Robbie admits he had a “misconception that the SBDC was only for start-ups or for companies that were struggling to survive.” He credits their SBDC counselor with helping their business bound to new levels because she “has broad experience and helps us see what we’re missing.”
In the summer of 2009, the company was renting a three-bay facility and considering cutting back their space because of concern about the deepening recession. Then they spotted a building being sold by another company. It seemed ideal for their purposes and they began to dream of new possibilities. They contacted the SBDC to explore taking advantage of a Small Business Administration loan program funded through the Recovery Act. Their SBDC counselor “cut through the weeds and helped direct us through the process,” Robbie explains. Previously, they had taken loans only in the $20,000 to $30,000 range to finance new printers and Katherine recalls, “With the recession going on, we never thought we could do a $600,000 loan for this beautiful building.” Their SBDC counselor helped them organize their financial information so that they not only met the loan criteria, but had their paperwork in good order and she even helped them find a lender.
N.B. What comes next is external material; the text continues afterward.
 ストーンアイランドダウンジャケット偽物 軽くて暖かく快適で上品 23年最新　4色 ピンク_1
With funding in hand, Robbie and Katherine were able to buy the building. With the additional space, they were able to build an extra large bay that makes it possible to increase their volume and meet customer deadlines over the winter months, especially for auto fleet clients. And, as Katherine points out, “This building makes a better customer impression and enhances our credibility.”
One of the advantages of going through the loan process has been their increased appreciation for financial reporting – it helps them understand how the banks see them and they can track trends such as the cost of goods or labor relative to their percent of profit. They can also better foresee potential problems. The bank wanted to know who their biggest customers were and what percent of the business they represented. At the time, their business was spread across multiple clients so the loss of any one would have been sustainable, but the question made Katherine and Robbie mindful of not relying too heavily on too few customers.
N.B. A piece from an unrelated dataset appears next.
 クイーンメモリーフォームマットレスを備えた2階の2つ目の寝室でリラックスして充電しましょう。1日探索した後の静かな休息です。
Robbie and some employees have taken advantage of SBDC classes in social networking and QuickBooks and their counselor has helped with human resources questions. She has also pointed them to other pockets of available resources such as state funding for solar panels. When they installed solar panels on their roof, the couple was thinking primarily of potential utility savings, but to their surprise the move has also proven to have marketing “green appeal” for clients sensitive to environmental issues.
Sensitivity to customer service has been a hallmark of their business and Katherine believes she absorbed that value when she worked in her parents’ convenience store as she was growing up. She also learned about other business realities, including fluctuating economic cycles. When the recession began, Performance Signs was a bit insulated, riding the waves of contracts already in place, but “we stretched ourselves thin,” as she recalls. Even as business picked up, they were wary so their three new employees were people who had been unemployed because they didn’t want to hire anybody away from a secure job. “There were multiple times that were a real test of faith,” Katherine acknowledges.
Today the company is busy and planning to hire two more employees. Customers who survived the recession, partly by delaying purchase of new vehicles, are now replacing aging fleets. The company is poised for fresh growth with a strong team and the building they moved into in 2010. Katherine chuckles that while that space first seemed so large, they’re now considering buying nearby land for a warehouse. Their advice to other small businesses is simple: “Find your niche and be really good at one thing” and “start looking for the SBDC resources at the beginning.”